1) mettere in crisi gli agricoltori, costringendoli a cedere le aziende alle società finanziarie e al tempo stesso compromettere la sicurezza alimentare aumentando la dipendenza dall’import  dal commercio internazionale delle principali derrate agricole controllato da poche multinazionali;

2) accentuare l’integrazione della produzione agricola annullandola all’interno del meccanismo tecnoindustriale dal momento che nelle centrali l’agricoltore – meglio ex-agricoltore – diventa una specie di rentier che si limita a computare quanto finisce nei digestori mentre i campi li coltivano i terzisti e la centrale la gestiscono i tecnici delle società che offrono i servizi chiavi in mano di assistenza

3) costituire una capillare rete di smaltimento di rifiuti di ogni tipo sottraendo il loro destino ad ogni controllo e creando i presupposti di un mega ecobusiness per le mafie di ogni tipo.

In tutti questi meccanismi molti sono i soggetti allettati dentro industrie, società di consulenza, università, cooperative, intermediari finanziari, politica, ecc. Che gli agricoltori, però, siano tutti contenti di mettersi una corda al collo non pare proprio credibile.

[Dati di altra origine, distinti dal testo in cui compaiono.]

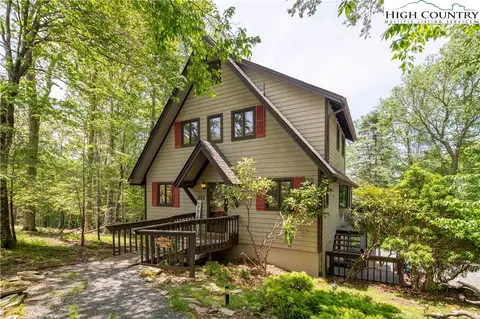 111 Pinnacle Ridge Rd, Beech Mountain, NC 28604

E il fatto che le “organizzazioni professionali agricole” si facciano esse stesse promotrici della proliferazione delle biomasse la dice tutta sulla natura di un meccanismo di rappresentanza che marca la mancata autonomia sociale dei produttori agricoli, la loro subalternità ad interessi esterni e spesso contrapposti ai loro ma che coincidono con le cupole e le strutture burocratiche delle OOPPAA (con qualche differenza tra loro, ma senza che la sostanza sia diversa). Tutto ciò è dimostrato anche dal fatto che se CIA e Confagricoltura prendono a livello nazionale e regionale aperte posizioni pro biogas/biomasse la Coldiretti tenta, come suo solito, di tenere il piede in due scarpe.

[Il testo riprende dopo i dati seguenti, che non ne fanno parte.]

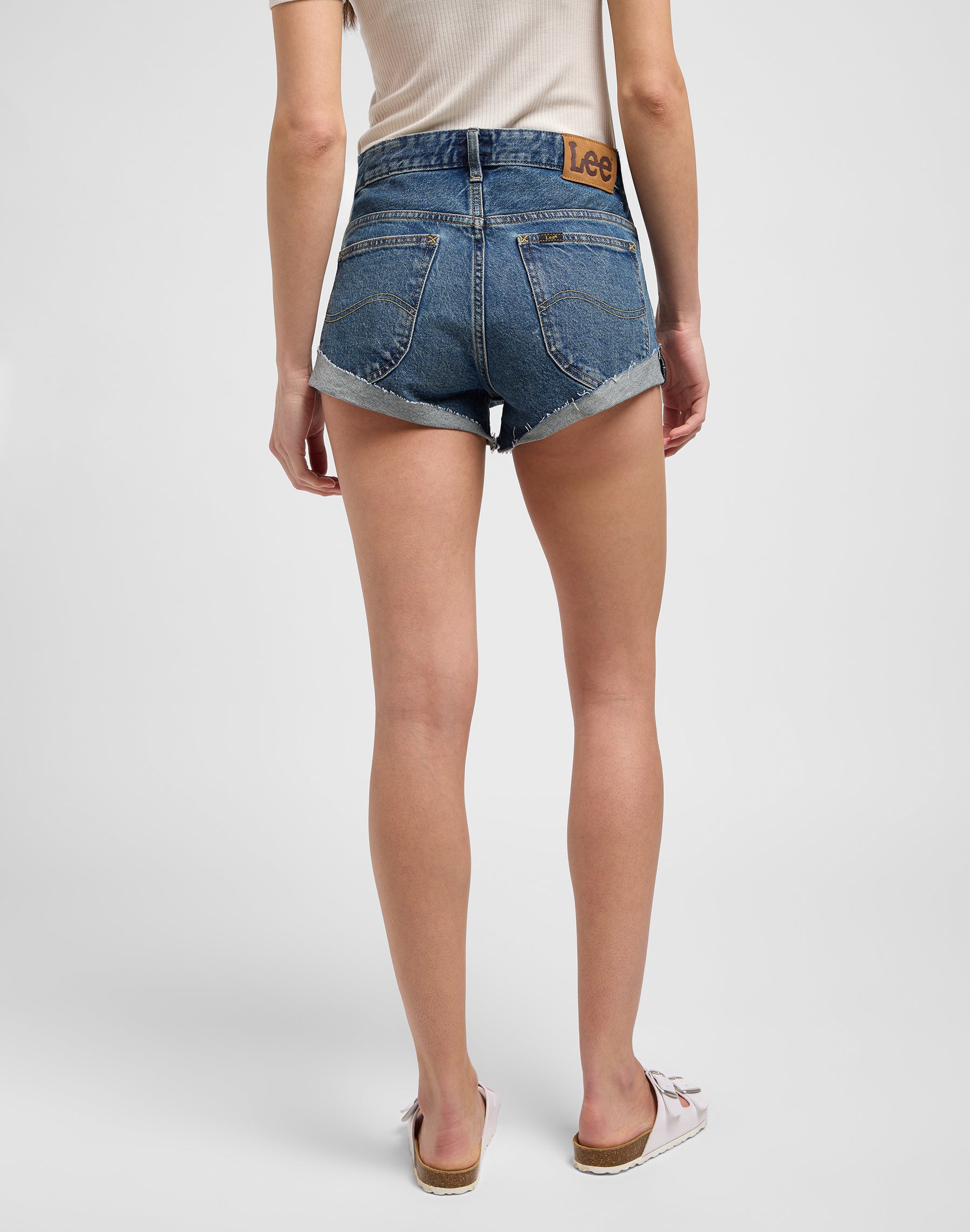 Rider Short 2 Inch in Classic Indigo Short en jean Lee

La battaglia dei Comitati, però, è apertamente pro agricoltura, pro una agricoltura di aziende legate al territorioalle quali garantire un futuro, aziende in rete con consumatori, operatori turistici, artigiani alimentari, non con i mercanti di rifiuti e di ambigue tecnologie pseudo green. I Comitati non a caso di chiamano TERRE NOSTRE (nome adottato a livello nazionale e in alcune regioni come Umbria e Marche). Il Biogas uccide le relazioni virtuose tra agricoltura e comunità locali, mette una pseudoagricoltura contro il territorio, sottrae terra alla produzioni tipiche, uccide paesaggio, tradizioni culture agroalimentari.  Le OOPPAA veri maestri di opportunismo quando fa comodo, quando c’è da monopolizzare risorse, progetti, iniziative proclamano di essere anc’esse per una agricoltura sostenibile, territoriale. ecc. ecc. Ma chi è per il biogas non può essere per queste cose.